Sanitarian Ahli Muda Suku Dinas Kesehatan Jakarta Selatan Wuhgini SKM/Ist
Di balik kemudahan mengakses depot air minum isi ulang, tersembunyi berbagai risiko yang bisa berdampak langsung pada kesehatan keluarga.
Melalui kegiatan edukasi publik yang digelar di Kantor Kelurahan Kalibata, Jakarta Selatan, Yayasan Jiva Svastha Nusantara mengajak masyarakat menjadi konsumen yang lebih kritis, tidak hanya memilih berdasarkan harga atau jarak, tetapi juga mempertimbangkan aspek legalitas dan higienitas depot langganan mereka.
Kegiatan ini merupakan bagian dari kampanye nasional Indonesia Sehat Mulai dari Air Bermutu 2025 yang berfokus pada peningkatan literasi masyarakat mengenai kualitas air minum dan risiko kontaminasi.
Kegiatan tersebut menghadirkan narasumber Sanitarian Ahli Muda dari Suku Dinas Kesehatan Jakarta Selatan, Wuhgini SKM serta Kepala Bidang Hukum dan Advokasi Kebijakan Yayasan Jiva Svastha Nusantara, Surya Putra.
“Air dari depot tidak boleh disimpan terlalu lama, baik oleh konsumen maupun oleh pemilik depot.

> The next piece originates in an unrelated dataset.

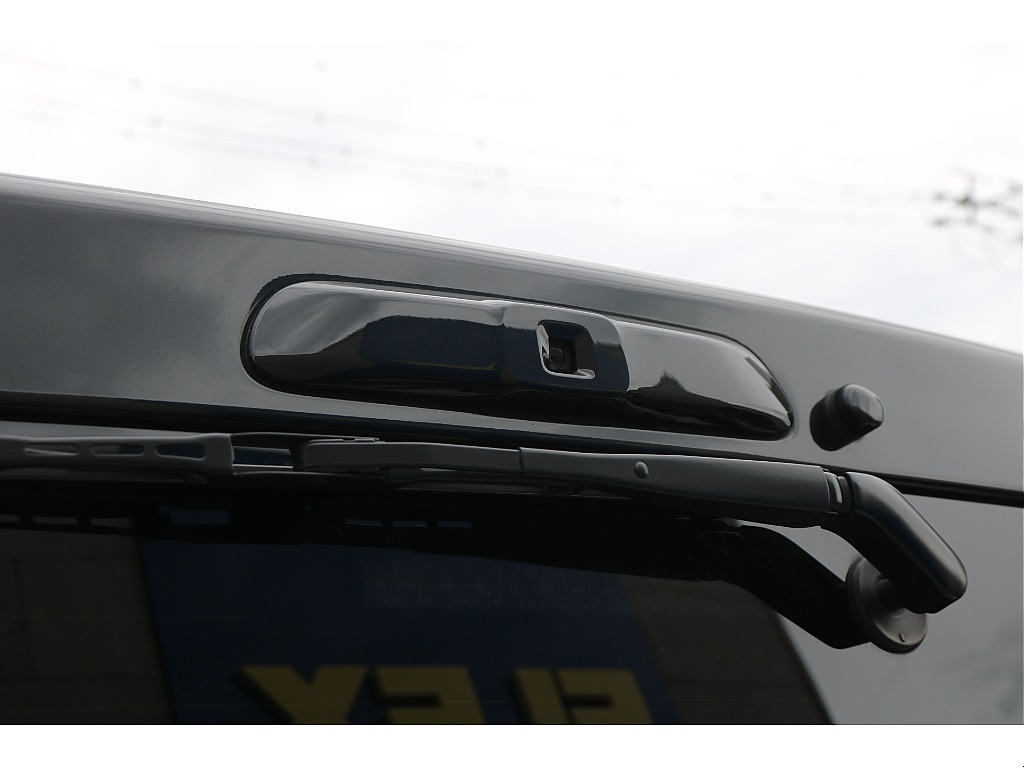 デジタルインナーミラー！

Kalau terlalu lama, air bisa berjamur atau terkontaminasi. Depot tidak boleh punya stok, dan konsumen harus membeli secukupnya,” kata Wuhgini dikutip Rabu 30 Juli 2025.
Menurut Wuhgini, banyak depot hanya melakukan uji laboratorium saat awal pembukaan, tetapi mengabaikan kewajiban pengujian bulanan dan semesteran sebagaimana diatur oleh Peraturan Menteri Kesehatan.
“Sinar ultraviolet (UV) yang dipakai untuk mematikan bakteri pun sering tidak diganti. Padahal alat itu ada batas masa pakainya. Kalau sudah lewat dan tidak diganti, maka airnya tidak lagi aman,” kata Wuhgini.
Selain itu, kata Wuhgini, masih banyak pengusaha depot yang merasa sudah memiliki izin padahal baru sampai pada tahap pembuatan Nomor Induk Berusaha (NIB). Padahal, NIB hanyalah langkah awal yang belum mencakup perizinan kesehatan.
“SLHS (Sertifikat Laik Higiene Sanitasi) itu bukti bahwa depot telah memenuhi standar higiene dan sanitasi. Masa berlakunya hanya tiga tahun. Kalau masyarakat melihat stiker SLHS menempel, jangan langsung percaya. Cek apakah masih berlaku atau tidak,” kata Wuhgini.
Surya Putra menambahkan bahwa penggunaan galon bermerek oleh depot adalah pelanggaran hukum. Praktik ini tidak hanya membingungkan konsumen, tetapi juga melanggar ketentuan teknis dalam Kepmenperindag No. 651 Tahun 2004.
“Depot tidak boleh menggunakan galon dengan label dagang. Mereka harus menyediakan galon polos. Kalau masyarakat membawa galon bermerek ke depot, itu justru berpotensi membahayakan karena bisa menimbulkan kesan bahwa air di dalamnya adalah air bermerek,” kata Surya.